Он не ломает ее руку. Почему? Не ломает. Пока она молча дрожит, он проводит большим пальцем по вспухшим узлам, которые уже начали формироваться на тыльной стороне ее руки. В этом его жесте есть нечто созерцательное, нечто любопытствующее. Дамайя не может смотреть. Она закрывает глаза, и слезы текут из-под ее ресниц. Ее тошнит, ей холодно. В ушах шумит кровь.

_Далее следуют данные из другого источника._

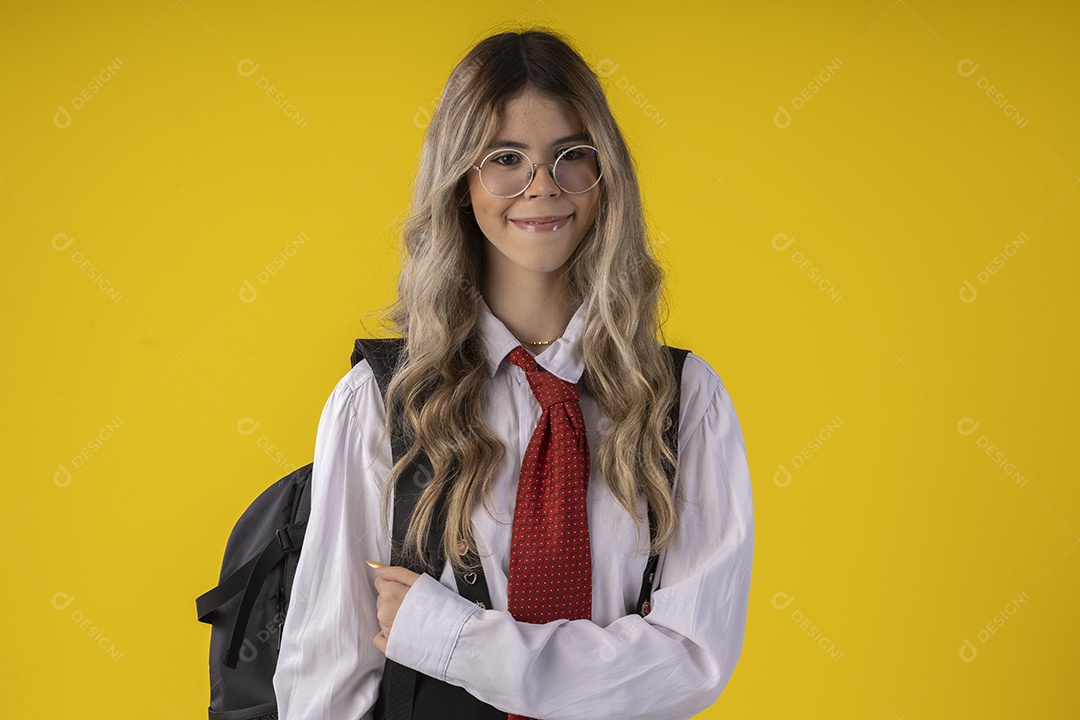 Jovem garota com traje clássico de estudante saia gravata e camisa de manga comprida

– П… почему? – судорожно выговаривает она. Дышать приходится с усилием. Кажется невозможным, что все это случилось на дороге, непонятно где, в солнечный тихий полдень. Она не понимает. Ее семья показала ей, что любовь – это ложь. Она не подобна камню, она гнется и крошится, как ржавый металл. Но ей казалось, что Шаффе она нравится.

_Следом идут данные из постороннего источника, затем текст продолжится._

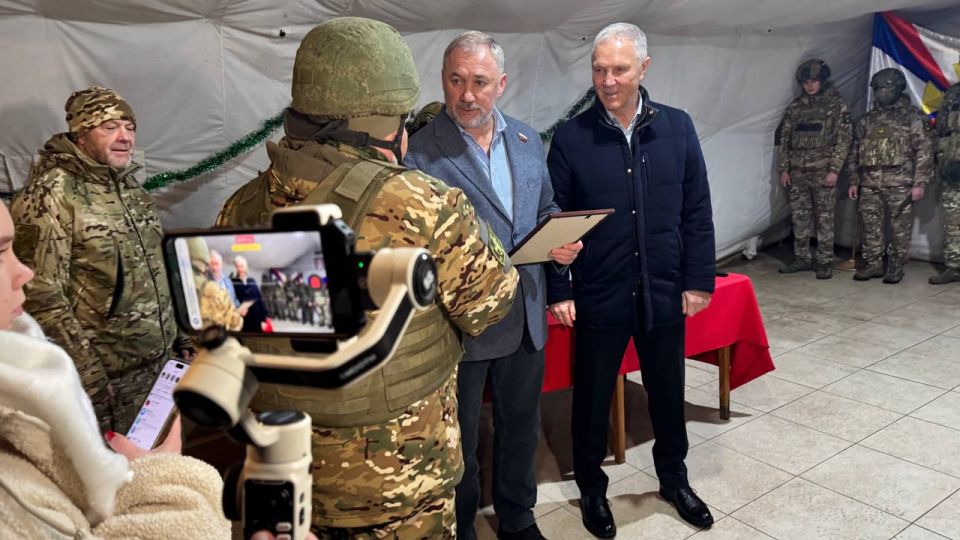 Константин Басюк: Не мог не поздравить с наступающим и наших добровольцев маргеловцев из БАРС-33 Константин Басюк: Не мог не поздравить с наступающим и наших добровольцев маргеловцев из БАРС-33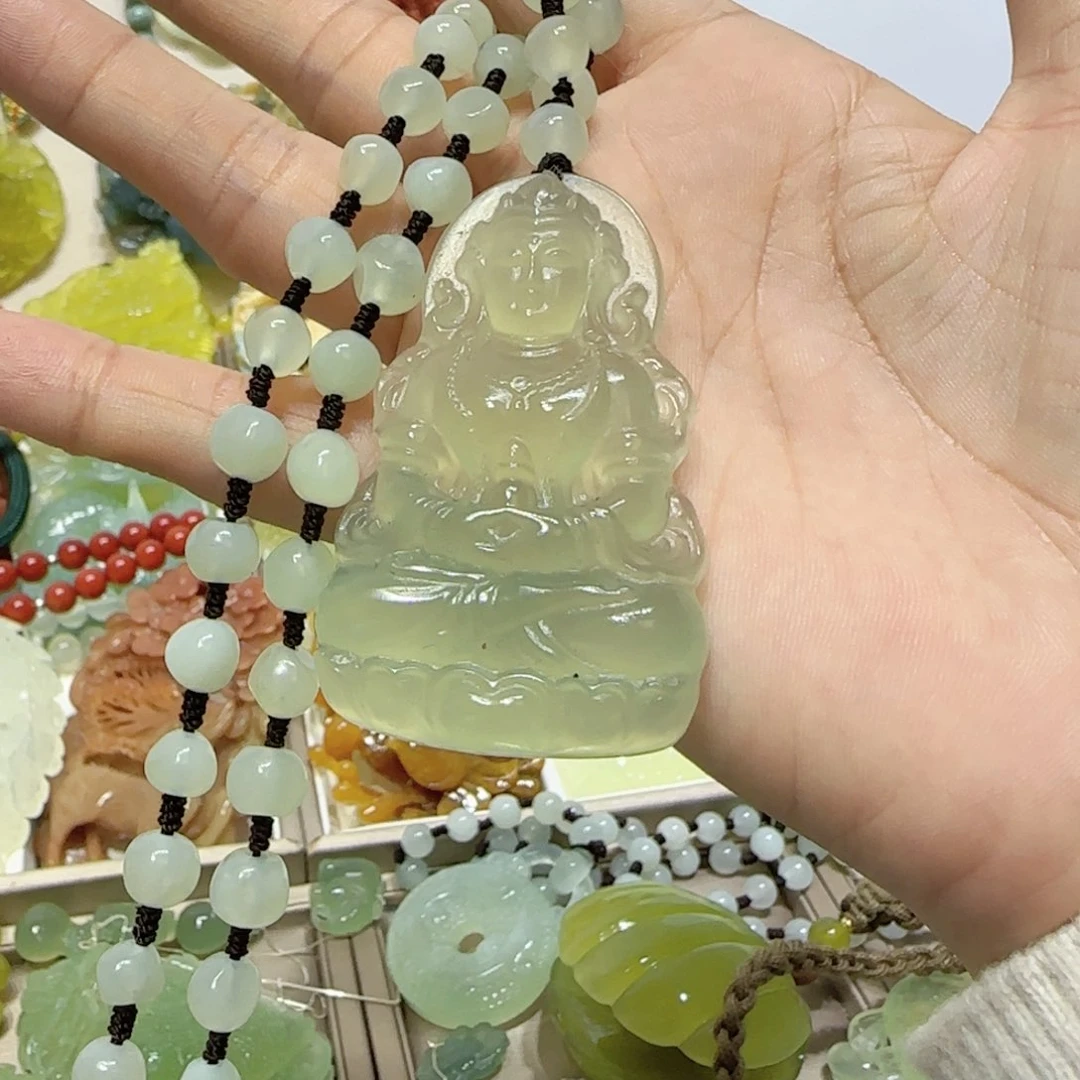 未镶嵌蛇纹石玉吊坠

Шаффа гладит ее сломанную руку.
– Я люблю тебя, – говорит он.
Она дергается, и он успокаивает ее тихим шепотом в ухо, пока его большой палец поглаживает руку, которую он сам сломал.
– Никогда не сомневайся в этом, малышка. Бедняжка, запертая в амбаре, так боящаяся себя самое, что не могла даже говорить. И все же в тебе есть пламя разума вместе с пламенем земли, и я не могу не восхищаться обоими, каким бы страшным ни было последнее. – Он качает головой и вздыхает. – Очень не хочется это делать с тобой. Мне ненавистно, что это необходимо. Но пойми, пожалуйста – я делаю тебе больно, чтобы ты не сделала больно больше никому.
Ее рука горит. Ее сердце тяжело бьется, и с каждым ударом пульсирует боль, БОЛЬ боль, БОЛЬ боль, БОЛЬ боль. Как было бы хорошо унять эту боль, шепчет камень внизу. Однако это означало бы убить Шаффу – единственного в этом мире, кто любит ее.
Шаффа кивает, словно своим мыслям.
– Знай, Дамайя, я никогда не солгу тебе. Загляни под свою руку, Дамайя.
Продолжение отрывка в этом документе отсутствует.